◆ **EXERCISE DESCRIPTION**: Starting at the first line of the records below, reproduce every line up to and including the line with "Pyr Studio Apartment Fuengirola", but leave out all pictures.

◆ **INPUT DATA**:

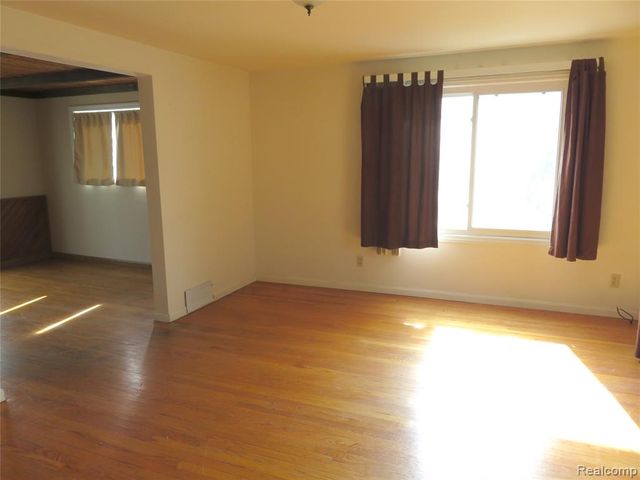 3804 Elmhurst Avenue, Royal Oak, MI 48073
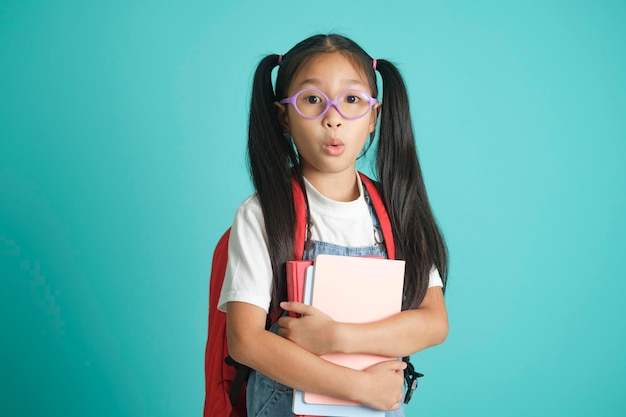 Colegiala de niño de primer plano con gafas ella agradable lindo atractivo alegre asombrado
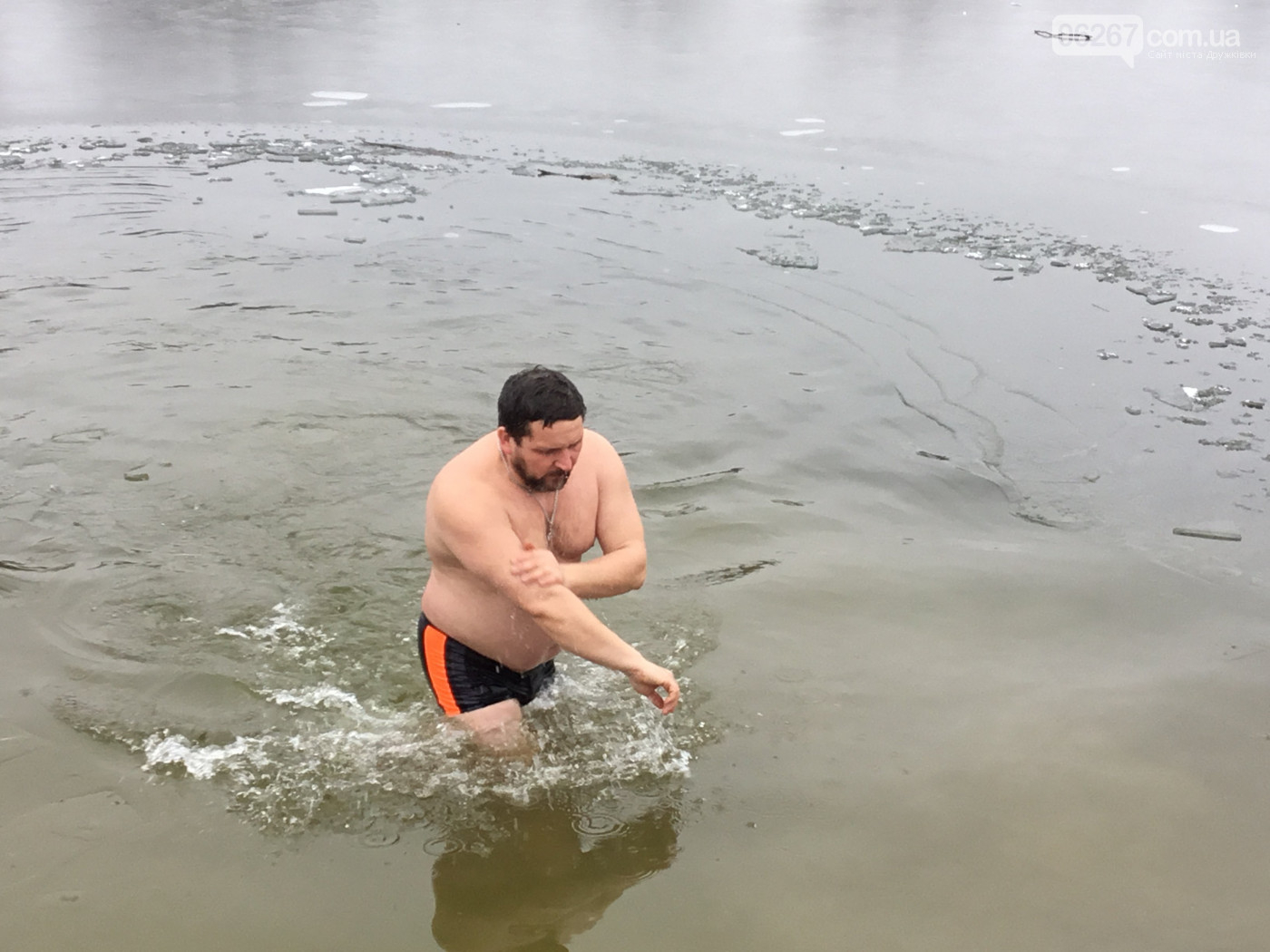 В Дружковке прошли крещенские купания: фото, видео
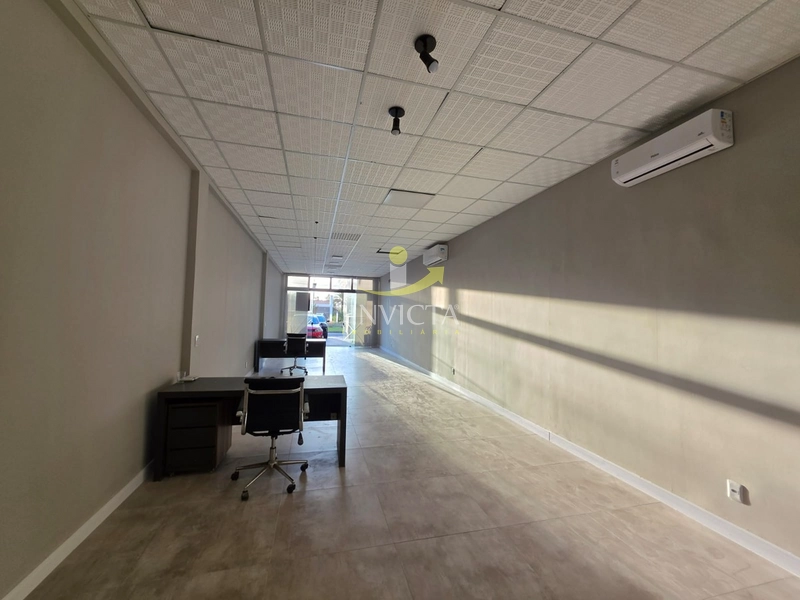 Loja disponível para locação anual em Atlântida.: 9ª foto da galeria de imagens do imóvel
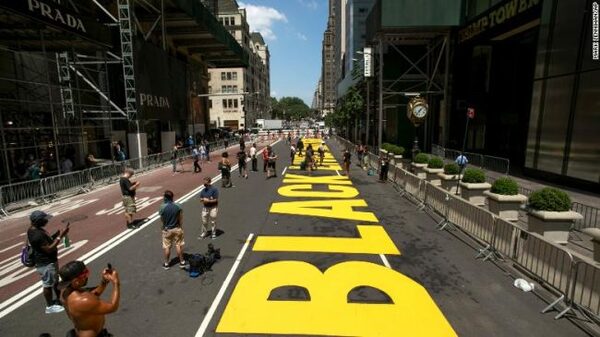 Активисты BLM при поддержке мэра Нью-Йорка написали Трампу три слова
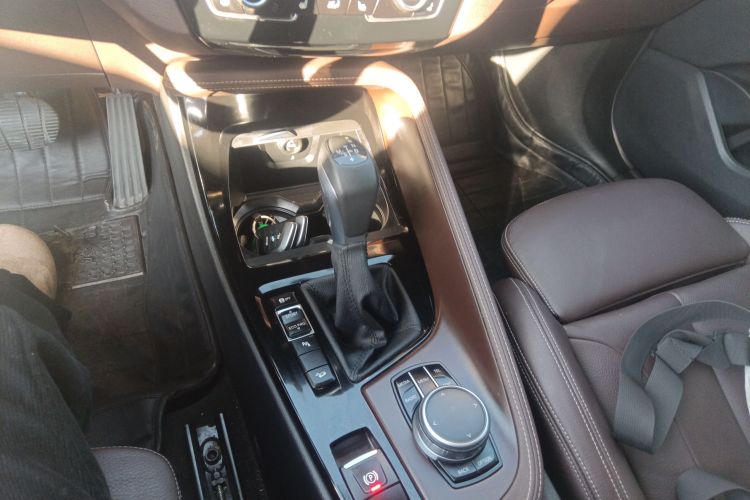 宝马X1 2016款 xDrive20Li 豪华型局部细节18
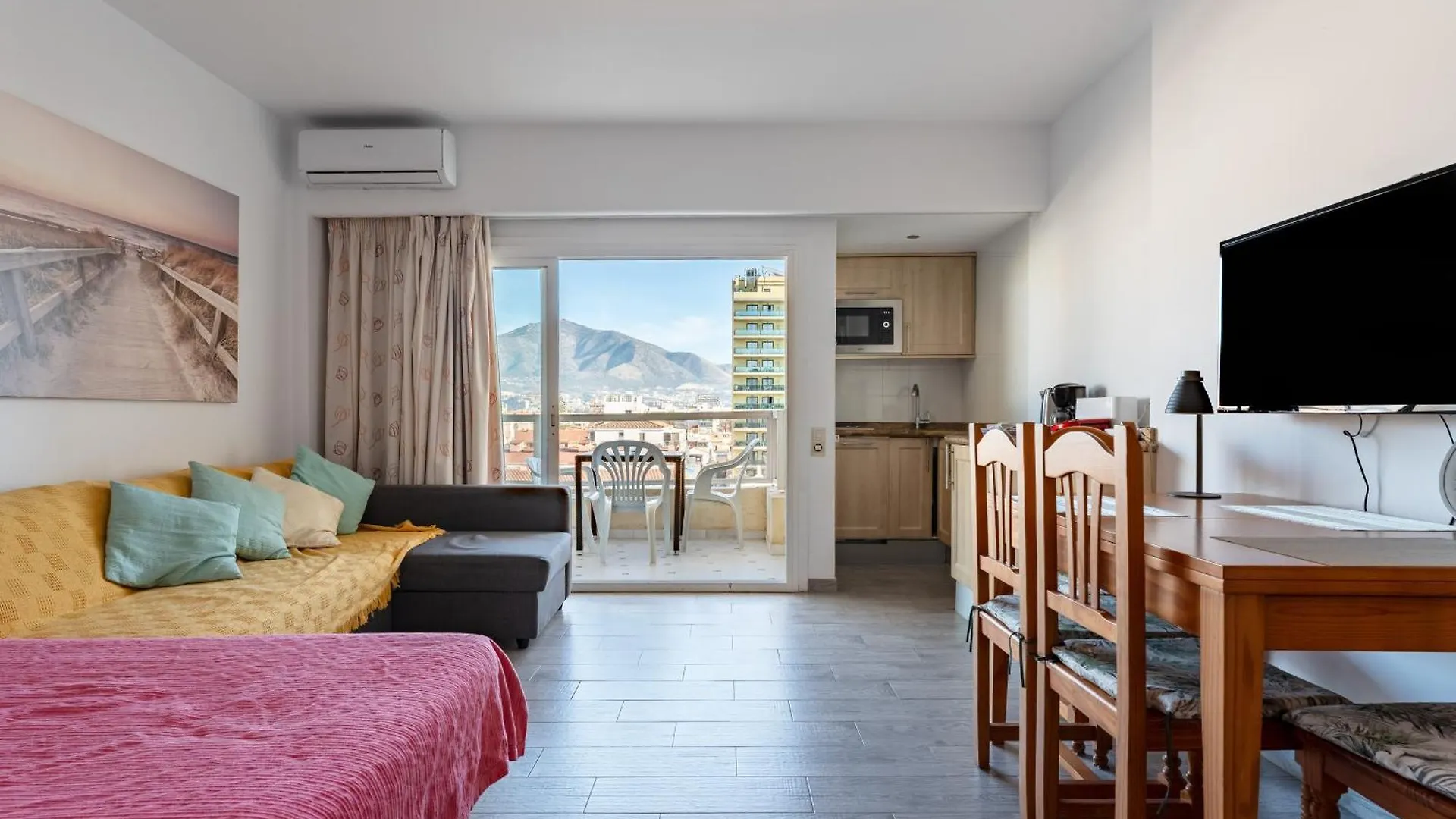 Pyr Studio Apartment Fuengirola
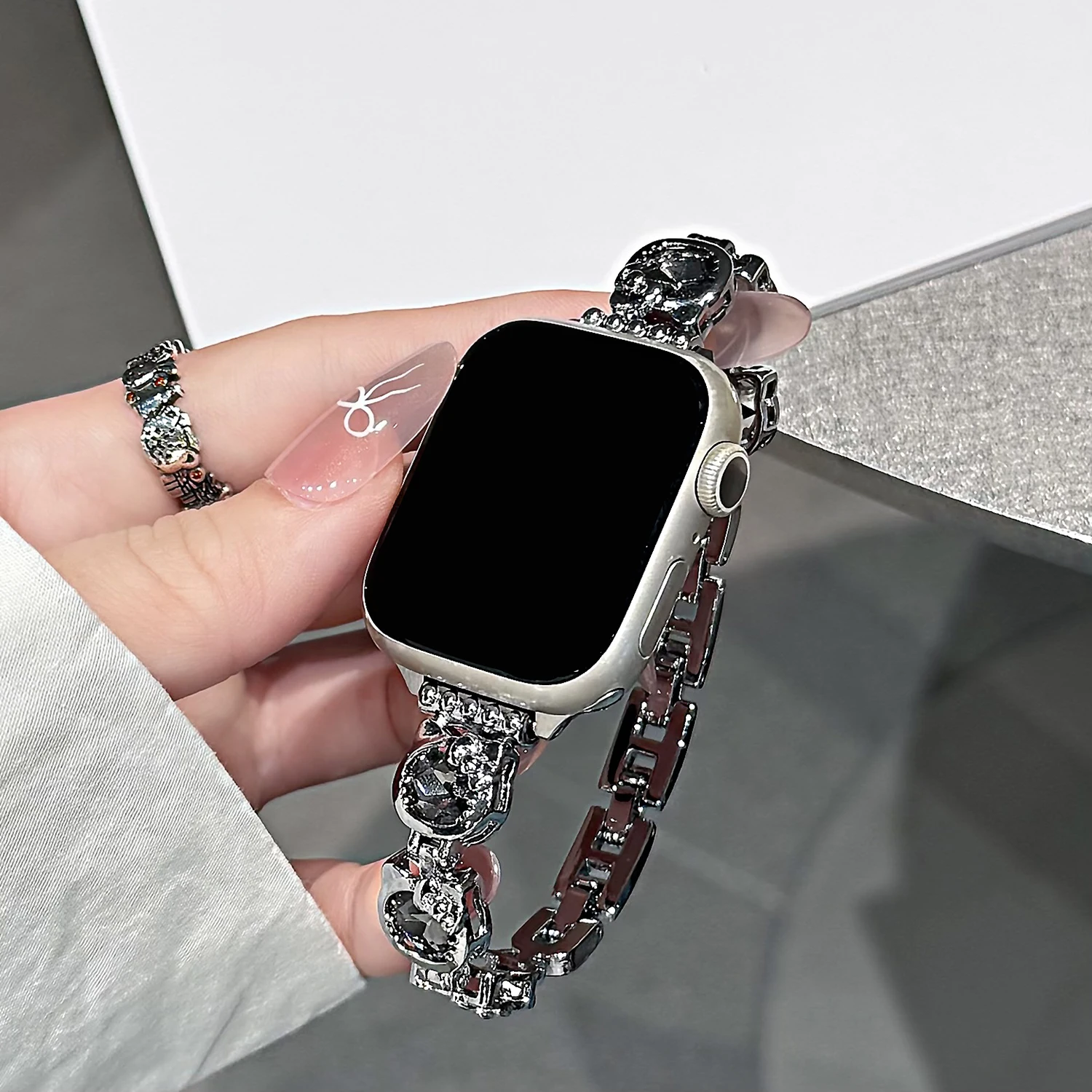Diamantbesetztes Katzenarmband aus Metall für Apple Watch S10 46/42MM 49/45/44/41/40 und 38mm-Armbänder anstelle von Armbändern – Detail 10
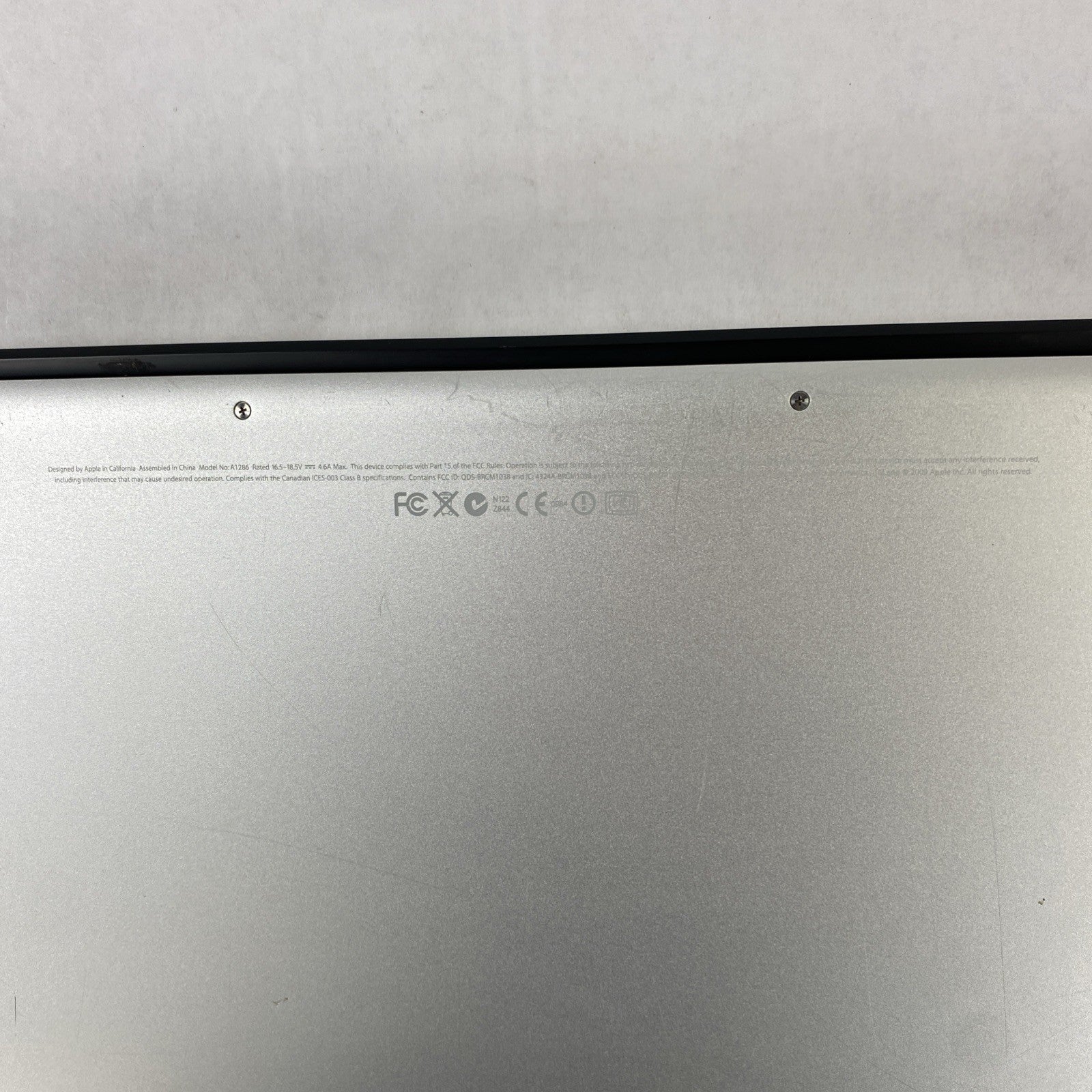Apple MacBook Pro A1286 2009 15" Core 2 Duo 4GB RAM 320GB HDD - Service Battery16
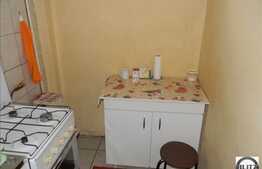 Vanzare 1 camera, 28 mp utili, balcon, zona strazii Izlazului!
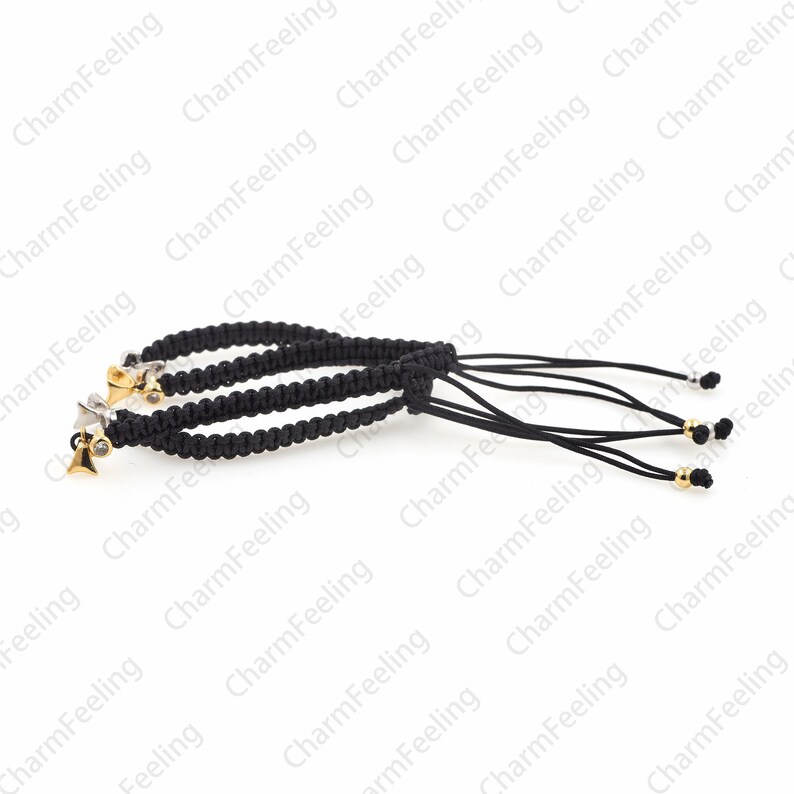 Puede incluir: Tres pulseras trenzadas negras con abalorios dorados y plateados. Las pulseras tienen cordones ajustables.
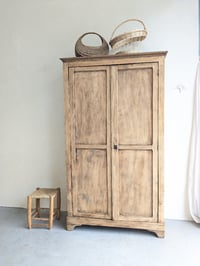 Image 1 of L'armoire parisienne bois brut 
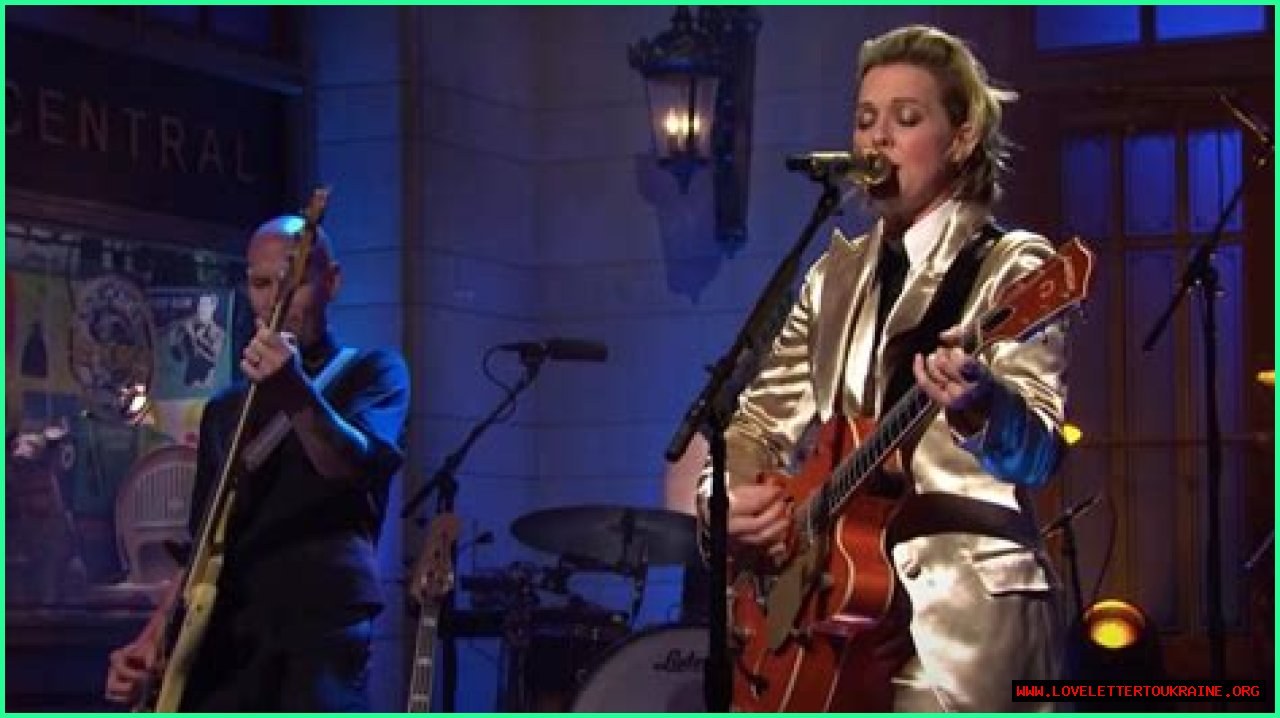 Watch Brandi Carlile’s epic 'Saturday Night Live' debut (VIDEO)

◆ **COMPLETED TASK**:
 3804 Elmhurst Avenue, Royal Oak, MI 48073
 Colegiala de niño de primer plano con gafas ella agradable lindo atractivo alegre asombrado
 В Дружковке прошли крещенские купания: фото, видео
 Loja disponível para locação anual em Atlântida.: 9ª foto da galeria de imagens do imóvel
 Активисты BLM при поддержке мэра Нью-Йорка написали Трампу три слова
 宝马X1 2016款 xDrive20Li 豪华型局部细节18
 Pyr Studio Apartment Fuengirola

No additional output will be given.